* [Task instructions]:
Beginning at the line that holds "BTTN 54x78 Boho" and continuing to the last line of the data below, transcribe every line word for word, without pictures.
═══ Records for this exercise ═══
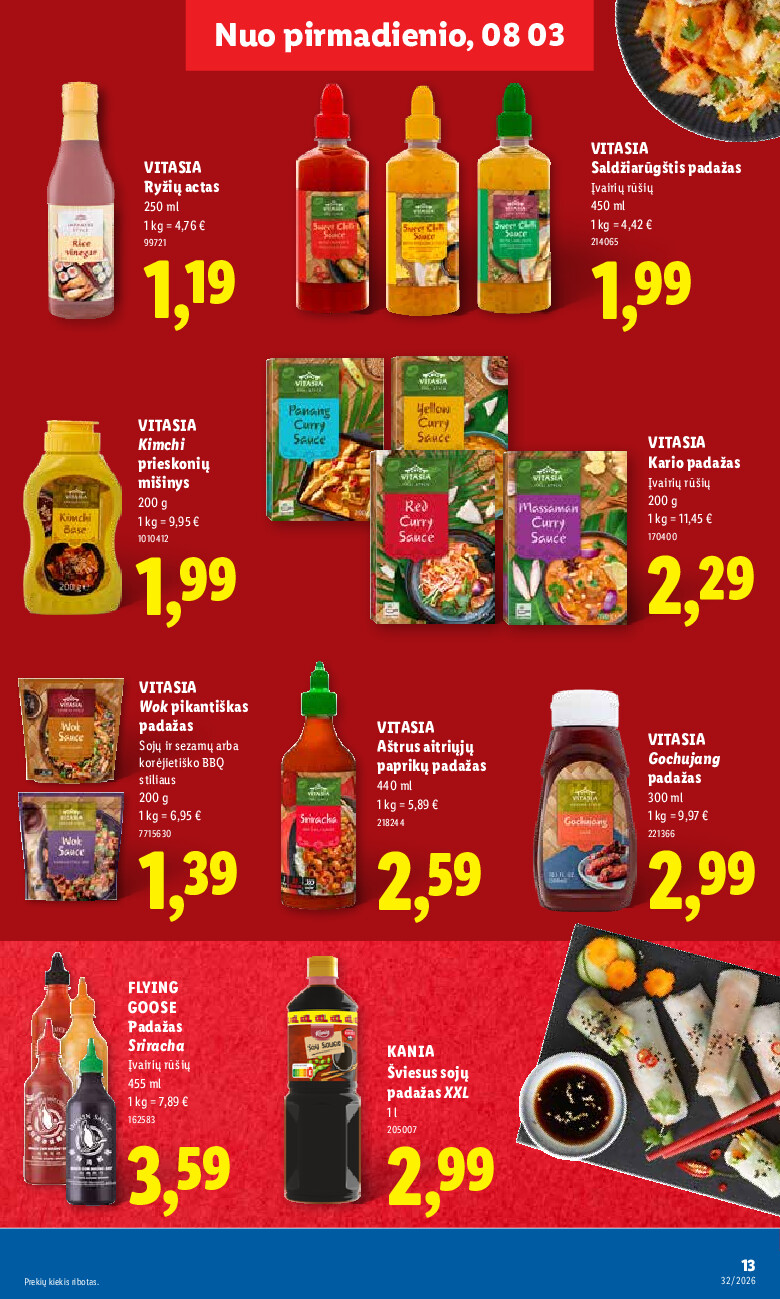 lidl - MAISTO PREKIŲ PASIŪLYMAI (2026-08-03 - 2026-08-09) - page: 13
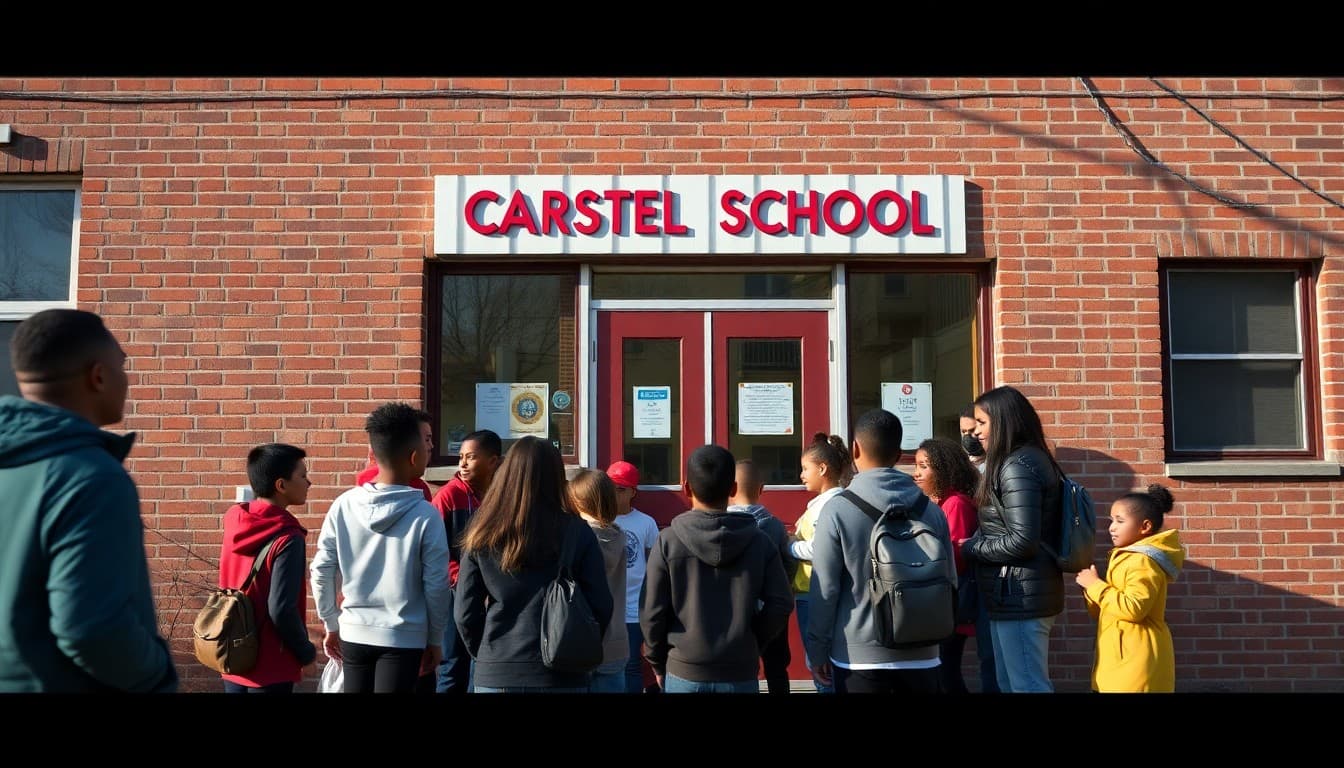 Illinois charter school exterior in Chicago neighborhood with students and parents gathered outside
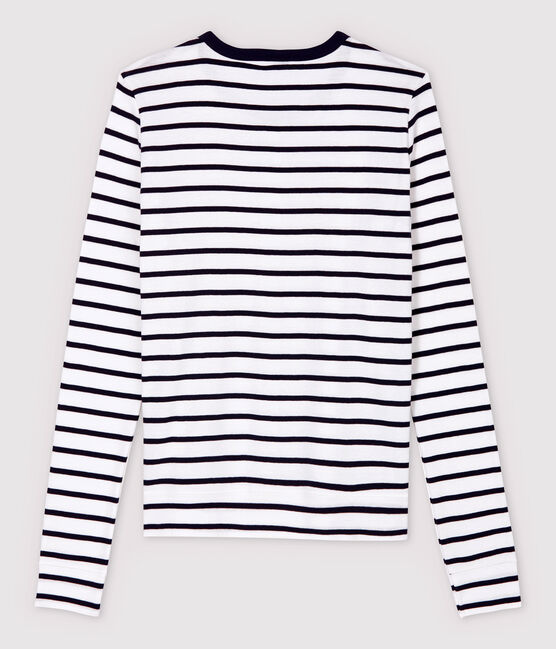 Cardigan aus Baumwolle mit Streifen für Damen weiss MARSHMALLOW/blau SMOKING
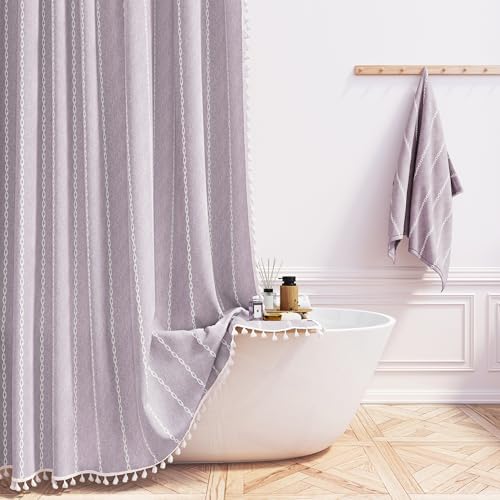 BTTN 54x78 Boho Farmhouse Linen Heavy Duty Shower Curtain Set, Lavender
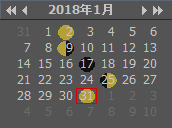 2018年1月のカレンダー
═══
* [Answer to the problem]:
 BTTN 54x78 Boho Farmhouse Linen Heavy Duty Shower Curtain Set, Lavender
 2018年1月のカレンダー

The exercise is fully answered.